We anchored the in-room poles to the LVLs colored in red, so the top 7 long shelves, as noted in the drawing, had to have 8 1/2” cut off of them and the bottom 3 had to have 16 1/2” cut off. This allowed us to butt them hard up against the wall shelves. This was important because we eliminated the northmost pole from the Rakks design. There wasn’t an LVL in the right spot to anchor the AB0035 pole top brackets to. So what did we do to hold up those cantilevered shelf ends?
Martin fiddled around for quite some time with the Rakks end caps, which weren’t going to be used on the north ends of the 60 in-room shelves. At left is what he came up with. By reversing the set screws, the slot could be faced downward. Then the screws which held the end caps onto the blocks could be reused and the strap repurposed to create what we call a 90° shelf lockdown.
The transformation is shown from left to right in the photo.

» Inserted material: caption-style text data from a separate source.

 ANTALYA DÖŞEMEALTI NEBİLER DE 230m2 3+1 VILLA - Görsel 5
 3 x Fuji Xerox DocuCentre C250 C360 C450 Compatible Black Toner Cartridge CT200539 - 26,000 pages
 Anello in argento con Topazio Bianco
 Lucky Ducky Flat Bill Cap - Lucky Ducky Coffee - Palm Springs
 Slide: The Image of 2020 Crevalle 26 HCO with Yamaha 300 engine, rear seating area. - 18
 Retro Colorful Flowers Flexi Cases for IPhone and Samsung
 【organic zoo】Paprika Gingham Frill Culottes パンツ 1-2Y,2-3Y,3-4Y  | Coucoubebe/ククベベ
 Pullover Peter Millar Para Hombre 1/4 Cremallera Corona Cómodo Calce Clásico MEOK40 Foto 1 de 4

The necessary adjustment comes from the fact that the entire slot is extruded with 1/4” x 20 threads on each side of it so that the screws can be put anywhere in the slot but right on top of the set screw.
Here’s one of the problems we encountered while modifying the AB0035 for much larger screws than provided by Rakks (The Sandberg & Hembree Bridge & Trestle Company strikes!). We needed to countersink the brackets for the new screws and as you can see from the top hole, we had a real chatter problem.
Fortunately, the guys at CNC Cookbook (I got the name wrong in the video) had some great ideas. We had started out at 1,500 RPM. BY reducing it to 500 RPM we hit the machine and tools sweet spot. Good thing we did, we had a lot of countersinks to do!